Me lleva a recordar a Nietzsche, mire por dónde. Me viene a la memoria aquello que él gritaba con lucidez terminal desde su ventana de Turín: que para ser realmente contemporáneo hay que ser intempestivo, ligeramente inactual. Yo creo que, desde siempre, he tratado de serlo, extemporáneo. Y más ahora, cuando algunos se preguntan si desaparecerán las obras “difíciles” en un mundo editorial que teme arruinarse con lo “experimental”. “Por qué citas tanto”, me preguntan a veces. Pues en parte, digo, para ayudar a mantener, como sea, el nexo de unión con los logros y las lecciones de la historia de la literatura universal.

Algunos de sus autores de referencia son inseparables de sus ciudades. Borges, Buenos Aires; Kafka, Praga; Joyce, Dublín… Usted ha difuminado el lugar desde donde escribe, sin que tampoco sea un no-lugar, sino que ha creado una zona propia. ¿Cómo describiría la zona cero Vila-Matas?

Sin dejar nunca de estar en Barcelona, escribí Montevideo como si me encontrara en París. No fue algo deliberado. Simplemente, mi mente no se movió de allí, pero esto lo vi cuando el libro ya estaba terminado. Con todo, en la última página, Barcelona no está precisamente ausente. En cuanto a mi zona cero, no sabría qué decirle, no soy bueno para las descripciones y, además, sospecho que hace mucho frío allí.

¿Podría dibujar el mapa de su Barcelona sentimental?

Es un viaje vertical, de norte a sur de la ciudad. Un trayecto en el que, para poder pasar por el paseo de Sant Joan, me las arreglo siempre muy bien. Voy hasta la misma zona en la que, en una verbena de San Juan, el llamado Pijoaparte surgió de las sombras de su barrio y bajó caminando por la carretera del Carmel. Y desde allí desciendo hasta las inevitables Ramblas, que un día lo fueron todo para mí. Eran tiempos en los que una gente brutalmente local constituía su único espectáculo, un gran río de humanidad y de locura que bajaba hasta el mar, como aún puede verse en la gran ciudad de Nápoles.

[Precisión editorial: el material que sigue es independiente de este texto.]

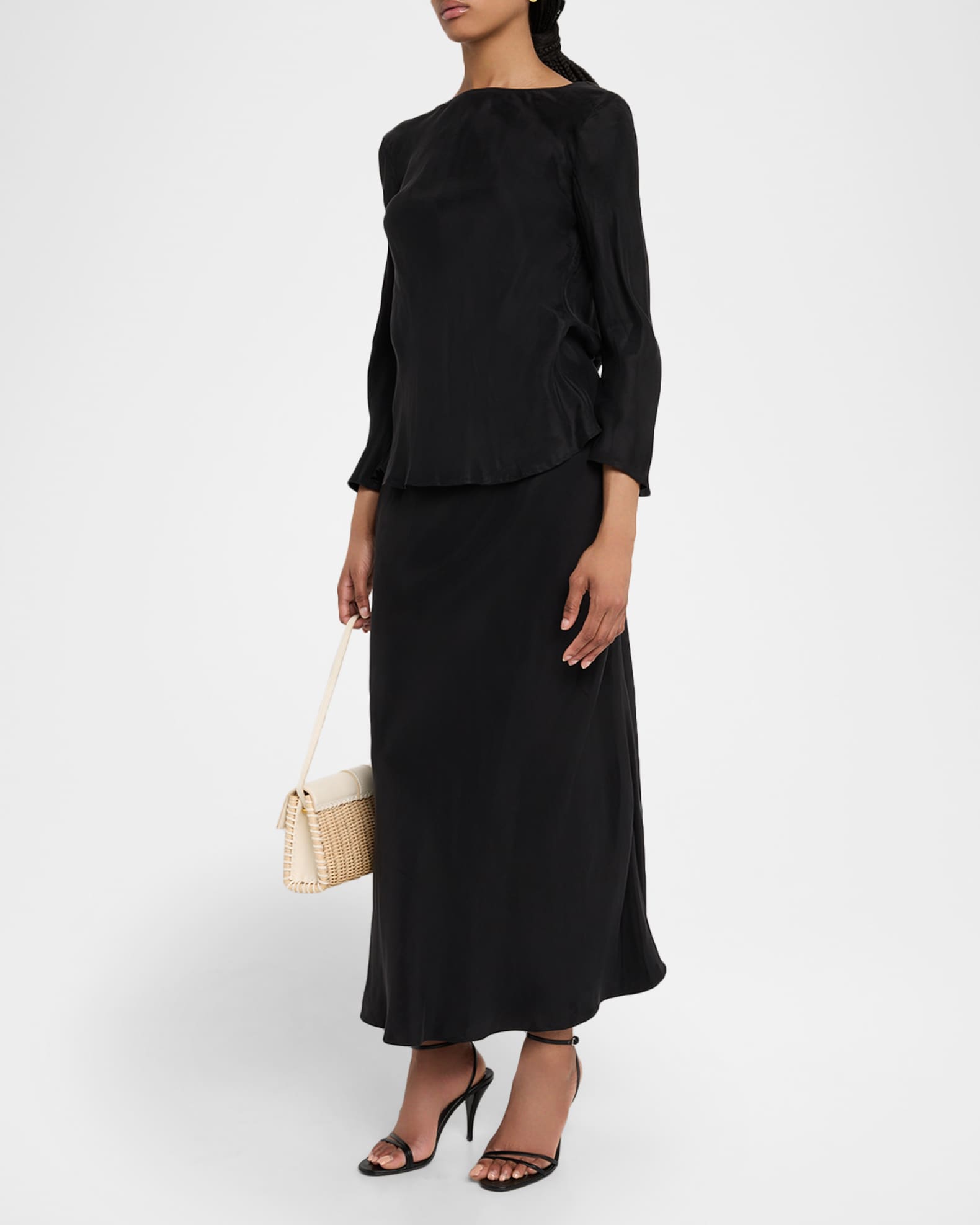 Barbara Straight Satin Maxi Skirt 1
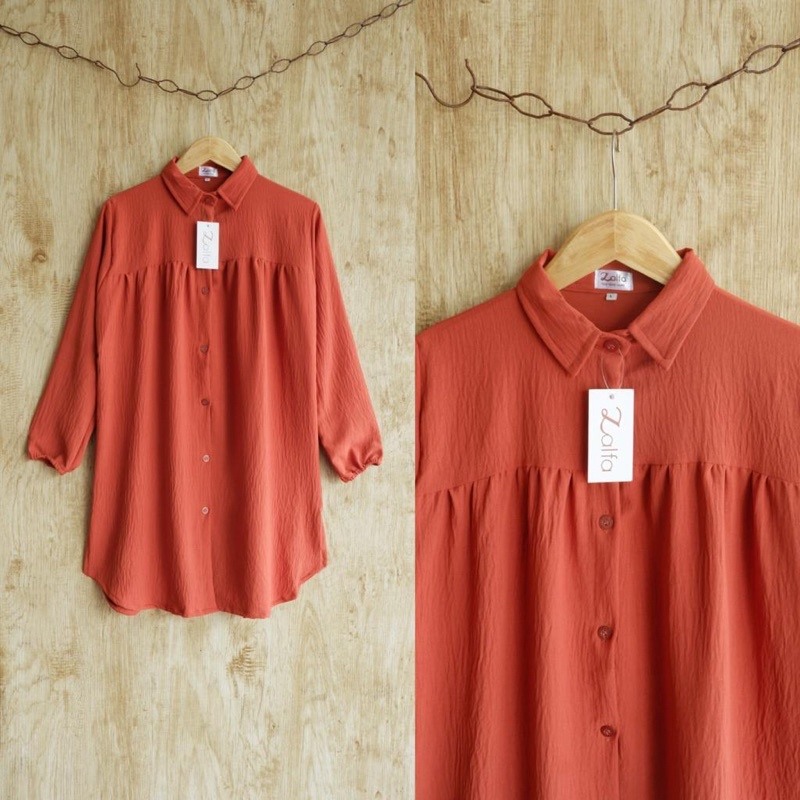 [COD] Shazfa.apparel - Pakaian Baju Wanita Muslim Terhits Alisya Tunik Bahan Crinkle By Zalfa Outfit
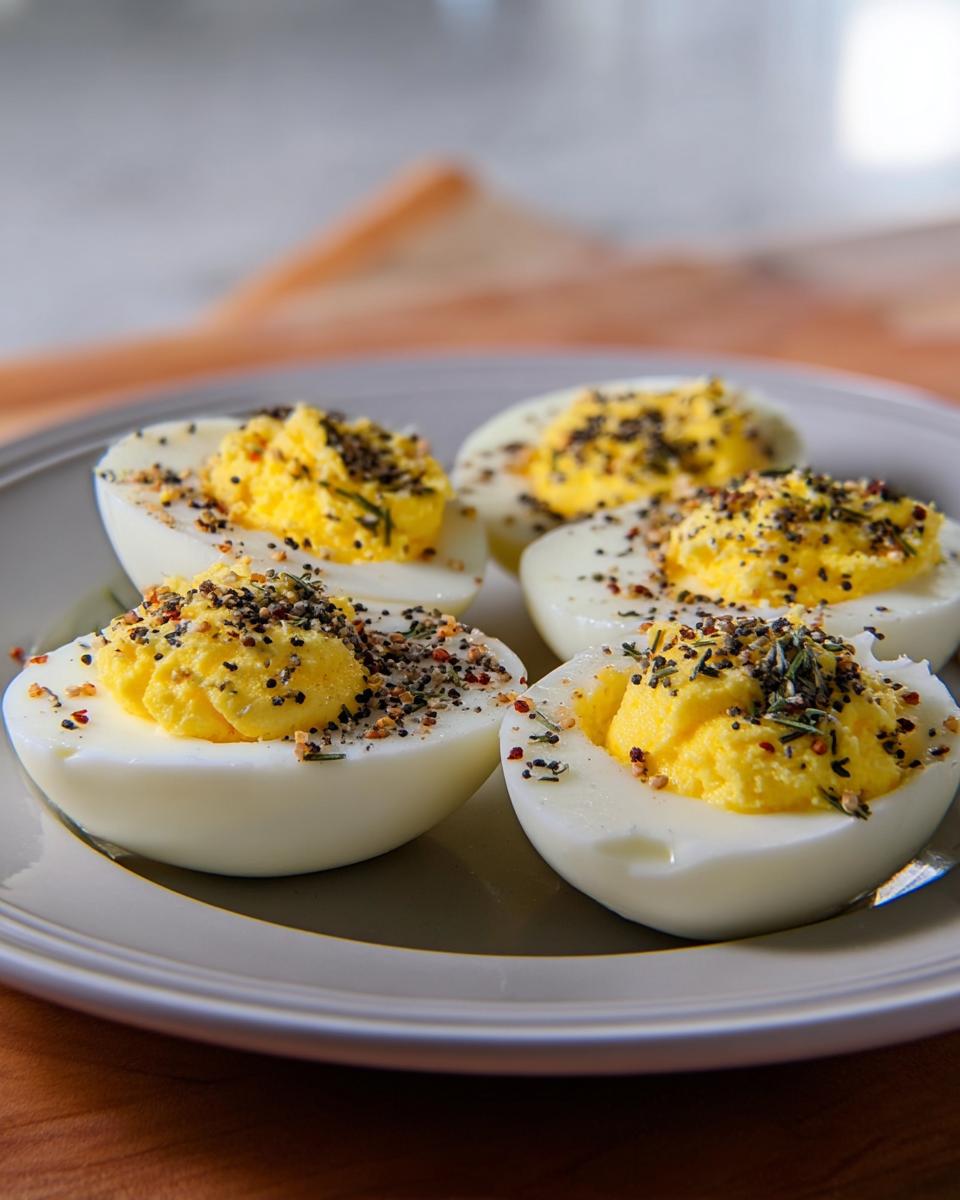 Four halves of deviled eggs topped generously with Everything Bagel Seasoning, ready to eat.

Ha elegido la Escuela Industrial de la calle del Comte d’Urgell para la sesión fotográfica. ¿Por algún motivo concreto?

Porque está cerca de mi casa y el arquitecto que la creó fue nada menos que Rafael Guastavino, quien, muchos años después, construyó la gran bóveda de la Grand Central Station. De modo que la Escola es mi conexión personal, glamurosa, con Nueva York. Para fotografías, va sobrada de decorados de todo tipo, algunos incluso futuristas, pues Guastavino tenía un punto genial… Claro que también lo tenía como estafador. Más motivos para haberla elegido: la fotogenia de la Escola me la descubrió Philipp Engel, el día que me citó bajo su reloj. “¿Qué reloj?”, pregunté.